= Maya dance =

Ceremonial dance in pre-Columbian Maya civilization

In pre-Columbian Mayan civilization, ceremonial dance had great importance. However, since dance is a transient art, it is inherently difficult for archeologists to find and evaluate evidence of its role. There is little material information left behind, beyond a few paintings on murals and vases. This lack of direct evidence leads to several different archaeological interpretations.

Dance was a central component of social, religious, and political endeavors for the ancient Maya. The entire community danced, including kings, nobles, and common people. Dance served many functions such as creating sacred space, closing the gap between here and the otherworld, and releasing the dead from the grasp of the Xibalbans (see Xibalba).

==Overview==
Dance from pre-Columbian Maya culture still exists in various altered forms today. However, dancing in the ancient world carried a much deeper significance in their sophisticated culture. Records of these dances have come to light through various murals, codices, and especially the Spaniards who first recorded their observations.

Spirits of the super-natural world and their relationship with Maya culture played an important role in ritual dance. Just as well, beasts were usually mimicked in ceremonial dance. The attire worn to some dances as depicted in murals show the links Maya dancers make to the natural world and to their worshipped gods who often took the form of animals. This is evident especially in the frescoes of Bonampak.

The elements as well were worshipped through Maya dance. In the Tzutujil Maya culture, it was believed that a spirit controlled the power of volcanoes. When the mountain began to grumble and shake, the Tzutujil priests would pick young women and girls who would partake in a large dance ceremony before being sacrificed into the burning mountain. Maya dance rituals often included sacrifice. For instance, the Tun-teleche¬ dance included victims whose hearts were removed before they died as a gift to underworld demons. On the other hand, some public ritual dances were even erotic in nature. Common throughout most all dances though was the importance of deities and the relationship between man and god.

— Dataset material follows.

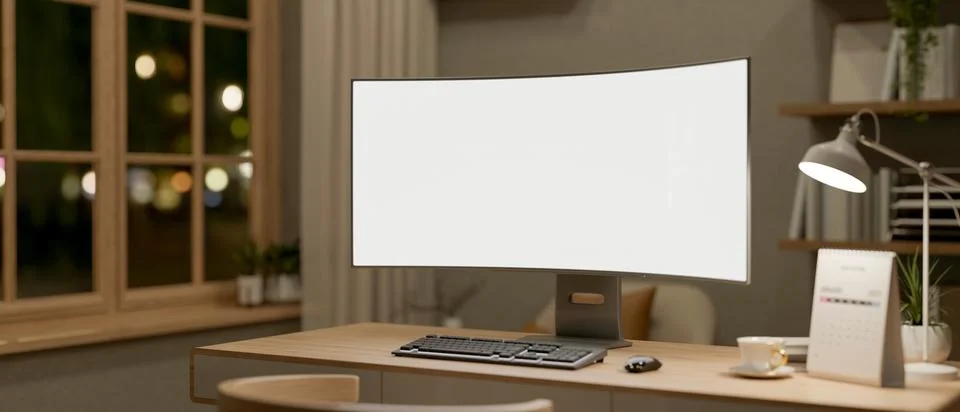 Blank curve screen computer aside coffee, calendar and lamp on wooden table.. Stock Illustration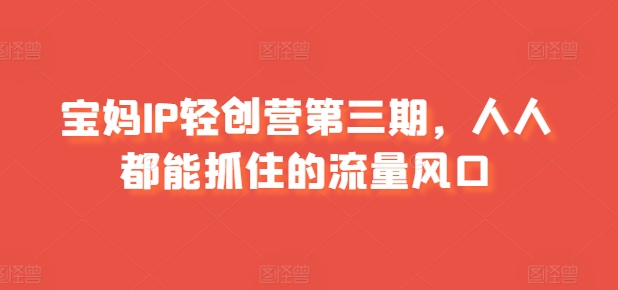 \”宝妈IP轻创营3期：轻松抢占流量红利，0基础也能变现\”-小伟资源网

Dancing includes many different aspects of other rituals into the moves and actions they do during them. Blood-letting was used to help demonstrate the bravery of the warriors. They would also put their captives in their dances; the captives would be killed in a public ritual normally after the bloodletting. Ball games were also involved in dances. Some ball players would be in similar positions as dancers' sometimes confusing people analyzing them . Instruments were also including in depictions of ball games further supporting the connection of dancing, ball games, and warfare are connected in the life style as they all share very similar depictions of what they are.

In the book of creation, Popol Vuh, it is recounted that the dances of the Twin Brothers were part of a miracle ceremony. Just as well, the dances of 'The Armadillo', 'the Poorwill', and 'the Weasel' pleased the lords of death immensely.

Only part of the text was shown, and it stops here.